Retail_sales_and_food_services_excl_motor_vehicle_and_parts_and_gasoline_stations_validate
3.7.4.9.4. Compare all historical/actual sales with forecasted sales
3.7.4.9.4。 比较所有历史/实际销售与预测销售
Generate 48 months of sales forecast using the forecast model.
使用预测模型生成48个月的销售预测。
Retail_sales_and_food_services_excl_motor_vehicle_and_parts_and_gasoline_stations_future_all = Retail_sales_and_food_services_excl_motor_vehicle_and_parts_and_gasoline_stations_model.make_future_dataframe(freq='M', periods=48)
Retail_sales_and_food_services_excl_motor_vehicle_and_parts_and_gasoline_stations_forecast_all = Retail_sales_and_food_services_excl_motor_vehicle_and_parts_and_gasoline_stations_model.predict(Retail_sales_and_food_services_excl_motor_vehicle_and_parts_and_gasoline_stations_future_all)
Retail_sales_and_food_services_excl_motor_vehicle_and_parts_and_gasoline_stations_forecast_all
Prep the forecasted sales so it can be compared against the actual/historical sales.
准备预测的销售量,以便可以将其与实际/历史销售量进行比较。
Retail_sales_and_food_services_excl_motor_vehicle_and_parts_and_gasoline_stations_forecast_all = Retail_sales_and_food_services_excl_motor_vehicle_and_parts_and_gasoline_stations_forecast_all.filter(["ds","yhat"])
Retail_sales_and_food_services_excl_motor_vehicle_and_parts_and_gasoline_stations_forecast_all['ds'] = pd.to_datetime(Retail_sales_and_food_services_excl_motor_vehicle_and_parts_and_gasoline_stations_forecast_all['ds']) - pd.offsets.MonthBegin(n=0)
Retail_sales_and_food_services_excl_motor_vehicle_and_parts_and_gasoline_stations_forecast_all.columns = ['Month', 'Prediction']

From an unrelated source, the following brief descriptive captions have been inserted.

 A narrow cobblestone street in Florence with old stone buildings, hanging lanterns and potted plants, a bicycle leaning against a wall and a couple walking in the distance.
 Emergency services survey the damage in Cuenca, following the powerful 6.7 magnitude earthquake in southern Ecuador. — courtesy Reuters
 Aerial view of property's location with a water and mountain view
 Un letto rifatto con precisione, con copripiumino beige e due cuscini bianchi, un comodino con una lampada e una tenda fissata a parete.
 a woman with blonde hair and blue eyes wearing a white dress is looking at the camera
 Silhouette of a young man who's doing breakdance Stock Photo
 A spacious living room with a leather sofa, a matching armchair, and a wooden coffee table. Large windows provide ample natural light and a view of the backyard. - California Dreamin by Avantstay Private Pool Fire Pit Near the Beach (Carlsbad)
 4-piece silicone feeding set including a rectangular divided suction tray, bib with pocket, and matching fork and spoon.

Retail_sales_and_food_services_excl_motor_vehicle_and_parts_and_gasoline_stations_forecast_all = Retail_sales_and_food_services_excl_motor_vehicle_and_parts_and_gasoline_stations_forecast_all.set_index('Month')

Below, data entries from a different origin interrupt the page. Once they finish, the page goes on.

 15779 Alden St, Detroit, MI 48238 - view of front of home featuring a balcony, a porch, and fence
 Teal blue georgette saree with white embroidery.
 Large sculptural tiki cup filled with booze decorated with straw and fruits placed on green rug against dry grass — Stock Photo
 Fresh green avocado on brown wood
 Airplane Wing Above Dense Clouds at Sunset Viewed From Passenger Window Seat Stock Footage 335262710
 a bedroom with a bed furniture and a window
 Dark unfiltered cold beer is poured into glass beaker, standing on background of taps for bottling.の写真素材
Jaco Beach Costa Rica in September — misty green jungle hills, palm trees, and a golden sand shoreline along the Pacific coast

Filter the actual/historical sales to periods when there is no forecasted sales data and when there is forecasted sales data.

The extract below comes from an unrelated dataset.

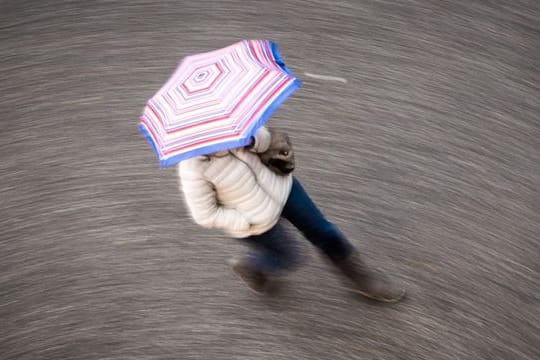 Eine Frau geht bei regnerischem Wetter über eine Straße (Symbolbild): Am Wochenende wird es an einem Tag deutlich frischer, auch die Nächte werden kalt.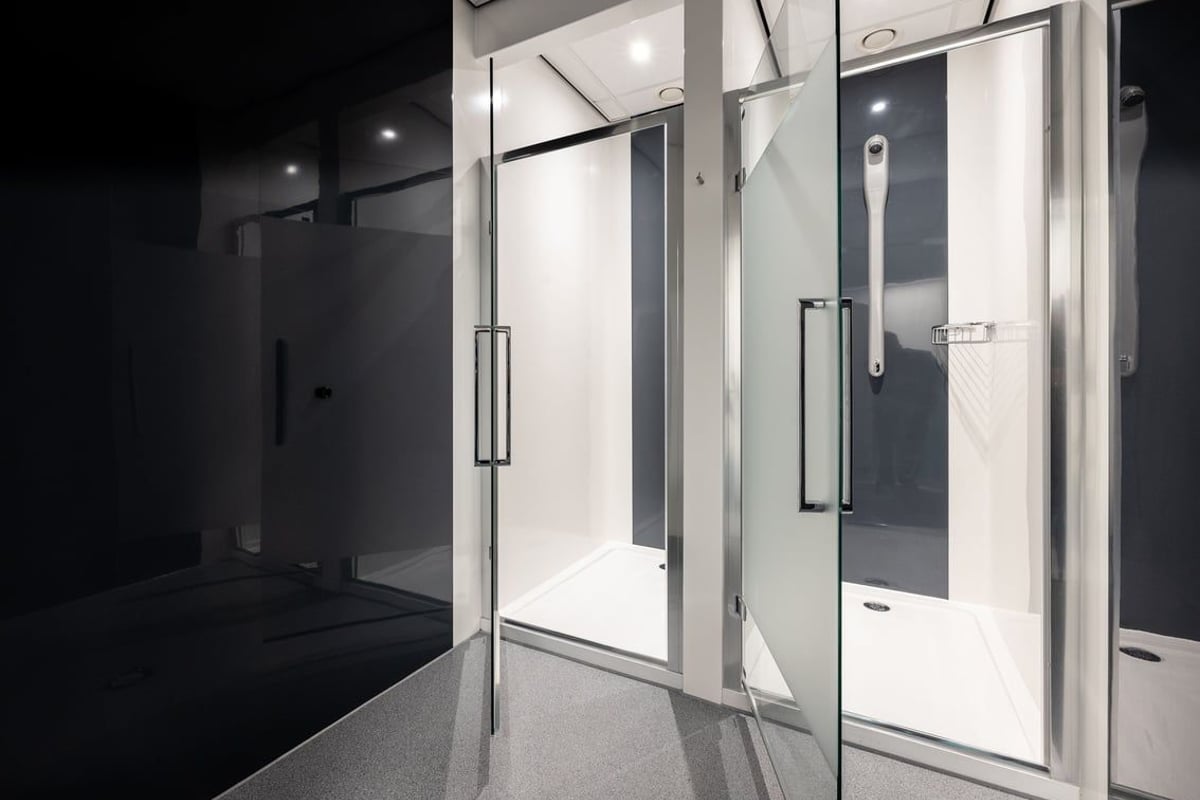 PureGym Washington: Shower cubicles with glass doors, tiled walls and floors.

在没有预测的销售数据且没有预测的销售数据的期间,过滤实际/历史销售。
Retail_sales_and_food_services_excl_motor_vehicle_and_parts_and_gasoline_stations = monthly_retail_data.filter(items=['Retail sales and food services excl motor vehicle and parts and gasoline stations'])
Retail_sales_and_food_services_excl_motor_vehicle_and_parts_and_gasoline_stations_1 = Retail_sales_and_food_services_excl_motor_vehicle_and_parts_and_gasoline_stations.loc['2005-01-01':'2016-12-01']
Retail_sales_and_food_services_excl_motor_vehicle_and_parts_and_gasoline_stations_2 = Retail_sales_and_food_services_excl_motor_vehicle_and_parts_and_gasoline_stations.loc['2017-01-01':]
Join actual/historical sales data with forecast sales data.
将实际/历史销售数据与预测销售数据结合在一起。
Retail_sales_and_food_services_excl_motor_vehicle_and_parts_and_gasoline_stations_validate_all = pd.DataFrame(Retail_sales_and_food_services_excl_motor_vehicle_and_parts_and_gasoline_stations_forecast_all, index = Retail_sales_and_food_services_excl_motor_vehicle_and_parts_and_gasoline_stations_2.index, columns=['Prediction'])
Retail_sales_and_food_services_excl_motor_vehicle_and_parts_and_gasoline_stations_validate_all = pd.concat([Retail_sales_and_food_services_excl_motor_vehicle_and_parts_and_gasoline_stations_2, Retail_sales_and_food_services_excl_motor_vehicle_and_parts_and_gasoline_stations_validate_all], axis=1)
Retail_sales_and_food_services_excl_motor_vehicle_and_parts_and_gasoline_stations_validate_all = Retail_sales_and_food_services_excl_motor_vehicle_and_parts_and_gasoline_stations_1.append(Retail_sales_and_food_services_excl_motor_vehicle_and_parts_and_gasoline_stations_validate_all, sort=True)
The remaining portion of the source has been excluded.